Vectorized LLVM IR

Hi,

We are experimenting directly generating vectorized LLVM IR (using <8 x float> kind of types), then compiling the code to SSE on a 64 bits machine. Right now the equivalent code in scalar mode sill outperform the SSE one.

What is the quality of the SSE support in X86 LLVL backend? Are they any specific things to be aware of to improve the speed?

Thanks

Stéphane Letz

Are your loads and stores 16byte aligned.

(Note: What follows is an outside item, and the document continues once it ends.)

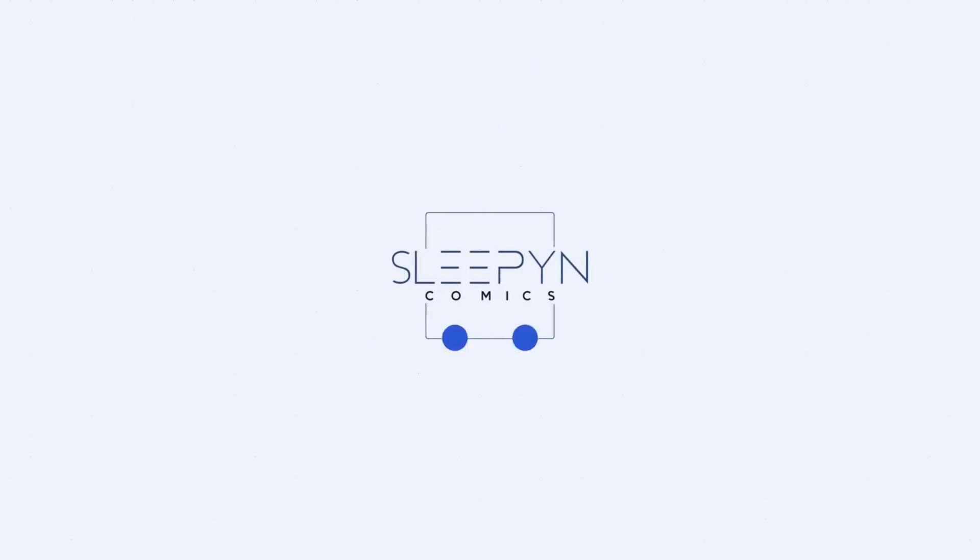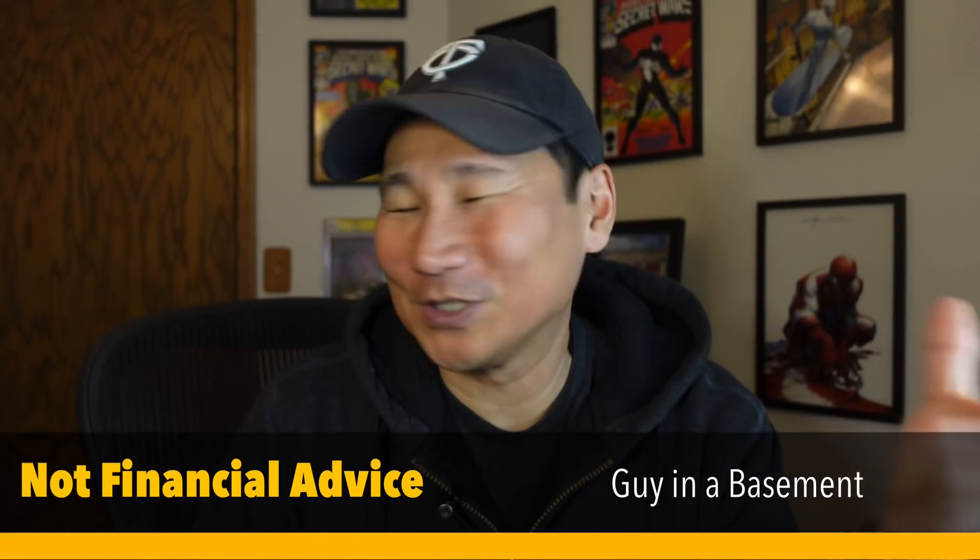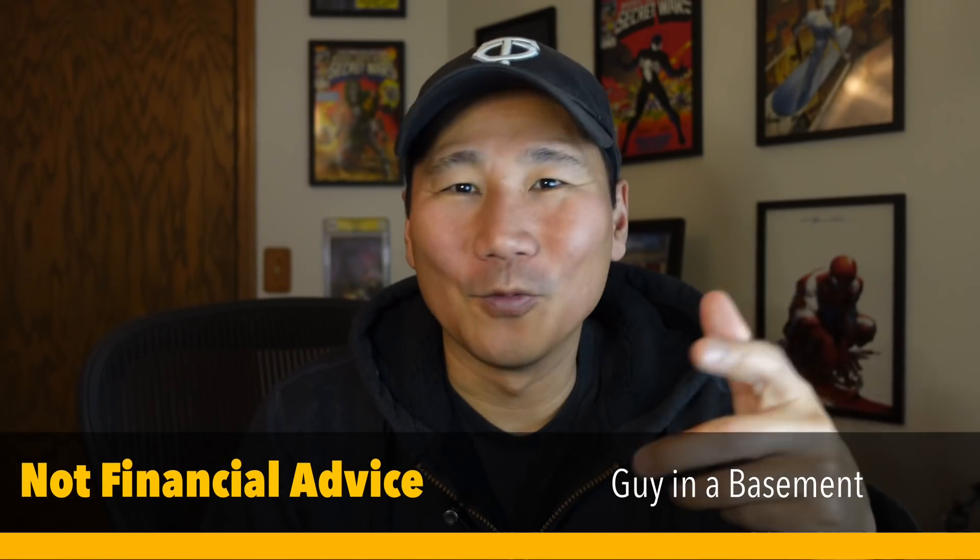Hi everybody. Today I'm going to talk about the five rules or guidelines that I have when I am thinking about buying a collectible. Let's get to it. A lot of people ask me, should I buy this? Should I buy that? And it's always difficult because it's your own budget, what do you like, where are we in the life cycle of that particular collectible? I have these five rules that I think about, and I've done it for so long I almost do it intuitively, but let's go through them.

%0 = load <4 x float>* %scevgep9.vec, align 16

If not, that could cause some slowdown, because unaligned moves will be used.

Hi Stéphane,

The SSE support is the LLVM backend is fine. What is the code that's generated? Do you have some short examples of where LLVM doesn't do as well as the equivalent scalar code?

-bw

We are actually testing LLVM for the Faust language (http://faust.grame.fr/)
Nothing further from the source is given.